Probolinggo: Badan Penanggulangan Bencana Daerah (BPBD) Kabupaten Probolinggo mengatakan titik api kebakaran hutan dan lahan (karhutla) di kawasan Gunung Bromo di Kabupaten Probolinggo, Jawa Timur sudah padam.
Dua titik api masih dipadamkan yakni di P30, Probolinggo, dan Dingklik, Pasuruan, Selasa, 11 Agustus 2026. Pemadaman dilakukan dengan metode water bombing menggunakan tiga helikopter karena lokasi berada di tebing yang sulit dijangkau secara manual.
"Alhamdulillah informasi yang kami dapat bahwa di kawasan P30, Kecamatan Sumber, Kabupaten Probolinggo sudah tidak terlihat titik api dan yang masih menyala di kawasan Dingklik, Kecamatan Tosari, Kabupaten Pasuruan," kata Kepala Pelaksana Badan Penanggulangan Bencana Daerah (BPBD) Kabupaten Probolinggo Oemar Sjarief, dilansir dari Antara, Rabu, 12 Agustus 2026.
Baca Juga :
Dari total 34 titik api sebelumnya, masih terdapat satu titik api di kawasan Dingklik yang belum padam. Seluruh petugas dikerahkan memadamkan karhutla di kawasan Taman Nasional Bromo, Tengger, Semeru (TNBTS), Kabupaten Pasuruan.

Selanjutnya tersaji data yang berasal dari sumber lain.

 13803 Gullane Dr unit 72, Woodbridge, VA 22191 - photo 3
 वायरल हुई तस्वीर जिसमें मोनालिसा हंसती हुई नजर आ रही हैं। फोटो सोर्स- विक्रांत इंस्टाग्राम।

"Semua potensi dari BPBD sudah diturunkan mulai dari kendaraan Damkar dari Surabaya, Malang, Nganjuk, Jombang, Kabupaten/Kota Pasruan, Mojokerto, dan Probolinggo untuk fokus di Pasuruan," tuturnya.
Sebelumnya, Kepala BNPB Letjen TNI Suharyanto menargetkan pemadaman karhutla Gunung Bromo tuntas pada Jumat, 14 Agustsu 2026. Tiga unit helikopter dikerahkan untuk menjangkau titik api yang sulit dikendalikan dari darat.
"Titik api di kawasan P30 Kecamatan Sumber, Kabupaten Probolinggo serta wilayah Dingklik di Kecamatan Tosari, Kabupaten Pasuruan terpantau kondisi medan yang berupa tebing dan sulit dijangkau membuat pemadaman secara manual menghadapi kendala," ungkapnya.
Petugas BPBD Probolinggo masih memantau adanya titik api di kawasan TNBTS pada Kamis (6/8/2026). ANTARA/HO-BPBD Probolinggo
Pemerintah menargetkan titik api di kawasan TNBTS dapat dituntaskan secepatnya. Sejumlah helikopter yang digunakan dalam operasi pemadaman akan dialihkan untuk membantu penanganan kebakaran di lokasi lain.
"Total luas kawasan yang terdampak karhutla Bromo hingga Selasa (11 Agustus) mencapai sekitar 889 hektare. Area terbakar tersebut tersebar di empat wilayah, yakni Kabupaten Probolinggo, Lumajang, Malang dan Pasuruan,” jelasnya.
Tim gabungan terus berjibaku untuk memadamkan karhutla yang berada di kawasan TNBTS dan diharapkan tidak muncul titik api baru. Masyarakat juga diimbau tidak melakukan aktivitas yang dapat memicu potensi kebakaran.